Deste modo, percebe-se que a Lei de proteção de dados implicará em uma ampla adequação da empresa com o tratamento dos dados dos seus empregados, motivo pelo qual as empresas não podem ficar alheias a todas essas mudanças.O objetivo aqui não é causar pânico para os empreendedores e sim alertá-los sobre a necessidade de adequação da LGPD em seus negócios.
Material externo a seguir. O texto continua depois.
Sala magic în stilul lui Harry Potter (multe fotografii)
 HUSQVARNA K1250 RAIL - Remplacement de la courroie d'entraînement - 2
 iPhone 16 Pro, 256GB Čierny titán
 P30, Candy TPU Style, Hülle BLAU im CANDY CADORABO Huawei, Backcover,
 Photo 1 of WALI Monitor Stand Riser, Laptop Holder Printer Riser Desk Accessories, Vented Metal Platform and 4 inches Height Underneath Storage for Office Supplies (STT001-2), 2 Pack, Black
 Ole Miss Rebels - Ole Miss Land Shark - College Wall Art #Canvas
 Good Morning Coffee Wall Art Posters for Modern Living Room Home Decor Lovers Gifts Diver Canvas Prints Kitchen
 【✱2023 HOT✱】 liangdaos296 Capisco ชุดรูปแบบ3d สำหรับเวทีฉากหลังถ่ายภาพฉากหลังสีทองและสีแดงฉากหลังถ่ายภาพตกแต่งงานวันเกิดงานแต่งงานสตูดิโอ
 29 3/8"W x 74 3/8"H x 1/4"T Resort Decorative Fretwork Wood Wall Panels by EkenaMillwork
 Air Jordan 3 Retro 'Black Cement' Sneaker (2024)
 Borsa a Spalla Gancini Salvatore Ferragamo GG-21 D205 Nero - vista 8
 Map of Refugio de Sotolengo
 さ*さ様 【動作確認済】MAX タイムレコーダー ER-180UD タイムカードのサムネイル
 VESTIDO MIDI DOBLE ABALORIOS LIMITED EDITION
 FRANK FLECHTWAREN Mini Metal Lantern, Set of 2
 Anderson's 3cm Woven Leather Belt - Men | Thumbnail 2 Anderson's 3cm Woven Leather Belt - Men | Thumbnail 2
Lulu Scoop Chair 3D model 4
Ainda há bom tempo até a vigência da lei para a implementação das medidas de proteção de dados.

Considerando esse período de tempo, os empreendedores podem iniciar o (i) mapeamento das informações-dados que transitam pela empresa, envolvendo empregados, prestadores de serviços e terceirizados, (ii) mapeamento da natureza e o tipo de informações-dados (quais são dados pessoais e sensíveis), (iii) mapeamento do tipo de tratamento que esses dados recebem atualmente, (iv) mapeamento quais dados precisam de consentimento e (v) verificação se os programas de armazenamento de dados (software) já estão adequados a lei.

Com esse mapeamento prévio, será necessário que empregador reveja os procedimentos, iniciando a elaboração dos termos de consentimento específicos para as finalidades de cada tratamento, reveja os procedimentos internos, altere contratos, ficha de registro e demais documentos.

É necessário, também, elaborar um bom relatório de impacto à proteção de dados pessoais, contendo toda as descrições dos processos de tratamento de dados pessoais e sensíveis, bem como medidas para mitigar os riscos e os mecanismos adotados para tanto.

Assim, é necessário que as empresas fiquem atentas às mudanças e já iniciem a devida adequação de suas práticas e rotinas de acordo com a LGPD. Ignorar a lei significará assumir riscos dispensáveis, que poderão atingir a saúde financeira da sua empresa.

*Rafael Castro Alves é advogado, possui L.L.M em Direito Empresarial pela FGV/RJ e pós-graduação em Direito do Trabalho pela Universidade Cândido de Mendes/RJ.